Deux ans. Cela faisait maintenant deux ans que la vie de Buffy avait basculé, deux ans que son monde avait changé. Mais parfois, elle se disait qu'elle avait tout perdu ce jour-là : elle ne pourrait plus jamais se recueillir sur la tombe de sa mère ; une grande partie de son enfance avait disparu, engloutie sous des tombereaux de terre ; et elle avait perdu un être cher. Très cher.

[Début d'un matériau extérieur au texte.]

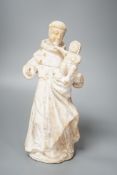 A 19th century carved alabaster group, friar with child 28cm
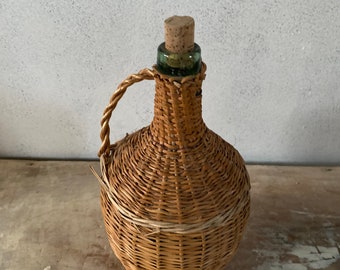 Old glass and wicker bottle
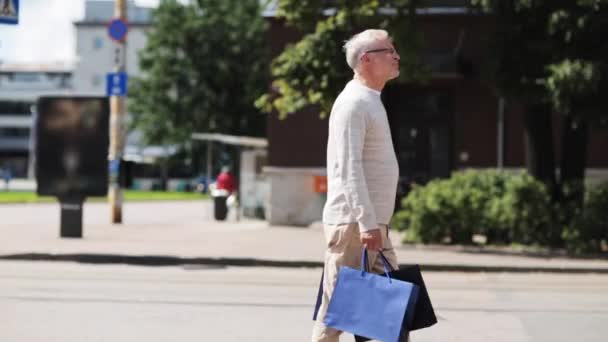 Äldre man med påsar promenader i city — Stockvideo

Dans ses plus terribles cauchemars, elle revoyait les rayons de lumière qui avaient percé Spike de part en part, l'avaient brûlé de l'intérieur, et l'avaient finalement réduit en poussière. Il avait sauvé le monde, et il ne saurait jamais à quel point elle l'avait aimé.
Pauvre Spike. Elle alternait constamment entre la pitié qu'elle éprouvait pour cette âme déchirée qu'il était allé chercher pour elle, et un apitoiement sur elle-même contre lequel elle luttait sans jamais parvenir à le faire disparaître complètement.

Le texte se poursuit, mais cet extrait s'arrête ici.